Sue Donaldson & Will Kymlicka, Zoopolis: A Political Theory of Animal Rights (2011)
  • "zoopolis" means animal city

Individualistic animal ethics--our obligations to animals depend on each individual animal's "intrinsic moral standing" (D&K p. 1).
  1. Peter Singer--Does this individual have interests? If so they count equally--based on the seriousness of the interest, not the identity of the interest-owner.
  2. Tom Regan--is this animal a subject of a life, with inherent value and rights? (AR theory)
Political approach to animal ethics
  1. Intrinsic moral standing does matter--they support AR theory
  2. But political status matters too--our obligations depend partly on an animal's relationship to our political community




Political status, starting with the human case

Picture people who get off a plane

Passport control at DFW
international terminal

They all have  the same rights based on "intrinsic moral standing" (p. 1) – enshrined in Universal Declaration of Human Rights 
  1. right to life
  2. right to liberty
  3. we can't torture or enslave any of them!
They hae different rights based on "relationship to a particular political community" (p. 2)
  1. Citizens of the US
    • right to enter the US
    • right to work here
    • right to have their interests represented by government
    • right to vote
    • right to have access to public spaces (can go there, signs are in your language)
    • right to emergency health care
  2. In-betweens: "tourists, foreign students, refugee claimants, business visitors or temporary workers" (p. 2).

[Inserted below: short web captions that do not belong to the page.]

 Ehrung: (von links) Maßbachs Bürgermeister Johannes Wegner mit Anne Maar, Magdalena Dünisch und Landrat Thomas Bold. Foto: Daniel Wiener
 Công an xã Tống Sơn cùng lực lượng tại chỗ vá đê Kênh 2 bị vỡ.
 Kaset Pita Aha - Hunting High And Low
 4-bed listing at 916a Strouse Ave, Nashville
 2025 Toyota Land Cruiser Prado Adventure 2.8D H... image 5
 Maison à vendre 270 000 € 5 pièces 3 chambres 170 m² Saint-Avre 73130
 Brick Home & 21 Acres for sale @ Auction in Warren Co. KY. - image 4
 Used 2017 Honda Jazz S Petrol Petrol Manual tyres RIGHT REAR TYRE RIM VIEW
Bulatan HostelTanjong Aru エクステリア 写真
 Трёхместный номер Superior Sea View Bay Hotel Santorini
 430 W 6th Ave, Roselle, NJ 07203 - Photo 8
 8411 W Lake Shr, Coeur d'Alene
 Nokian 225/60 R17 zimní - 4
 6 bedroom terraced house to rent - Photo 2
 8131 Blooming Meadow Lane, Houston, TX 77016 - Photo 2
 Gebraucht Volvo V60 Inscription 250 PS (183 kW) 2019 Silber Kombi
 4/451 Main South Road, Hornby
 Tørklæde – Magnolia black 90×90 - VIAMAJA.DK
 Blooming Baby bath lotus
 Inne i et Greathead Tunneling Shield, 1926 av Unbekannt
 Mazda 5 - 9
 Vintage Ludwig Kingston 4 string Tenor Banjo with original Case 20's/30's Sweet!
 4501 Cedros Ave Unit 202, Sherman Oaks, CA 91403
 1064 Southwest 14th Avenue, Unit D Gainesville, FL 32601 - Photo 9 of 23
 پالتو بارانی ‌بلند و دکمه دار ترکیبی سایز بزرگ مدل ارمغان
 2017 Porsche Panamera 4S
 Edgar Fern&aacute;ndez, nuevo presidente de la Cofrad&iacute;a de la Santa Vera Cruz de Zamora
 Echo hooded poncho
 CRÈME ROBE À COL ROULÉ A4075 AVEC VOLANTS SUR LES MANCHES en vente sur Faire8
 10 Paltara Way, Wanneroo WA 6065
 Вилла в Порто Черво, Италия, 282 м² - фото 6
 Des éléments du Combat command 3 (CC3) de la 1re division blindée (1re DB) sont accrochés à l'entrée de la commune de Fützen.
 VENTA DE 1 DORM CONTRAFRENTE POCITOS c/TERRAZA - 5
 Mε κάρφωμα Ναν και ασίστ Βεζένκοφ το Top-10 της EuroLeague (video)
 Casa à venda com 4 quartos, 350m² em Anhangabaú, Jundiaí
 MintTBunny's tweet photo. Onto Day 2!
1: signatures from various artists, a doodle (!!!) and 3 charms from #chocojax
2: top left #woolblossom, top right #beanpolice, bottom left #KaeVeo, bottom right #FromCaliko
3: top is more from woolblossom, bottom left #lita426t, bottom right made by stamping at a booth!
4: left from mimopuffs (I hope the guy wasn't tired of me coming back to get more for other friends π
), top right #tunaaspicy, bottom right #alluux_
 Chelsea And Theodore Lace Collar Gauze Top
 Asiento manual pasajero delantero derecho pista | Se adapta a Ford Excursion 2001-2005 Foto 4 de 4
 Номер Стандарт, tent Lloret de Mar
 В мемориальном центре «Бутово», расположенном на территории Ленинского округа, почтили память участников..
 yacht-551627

Other in-betweens: undocumented immigrants 
    • have all the rights based on "intrinsic moral standing" 
    • don't have all of the rights of citizens, but have some
    • lose some rights they had in home country 
  3. Foreign Nationals--citizens of other countries, living elsewhere
    • have set of rights established in other nation
What should we do about the problems of Xs?  Need to know whether the Xs are citizens in-betweens, or foreign nationals.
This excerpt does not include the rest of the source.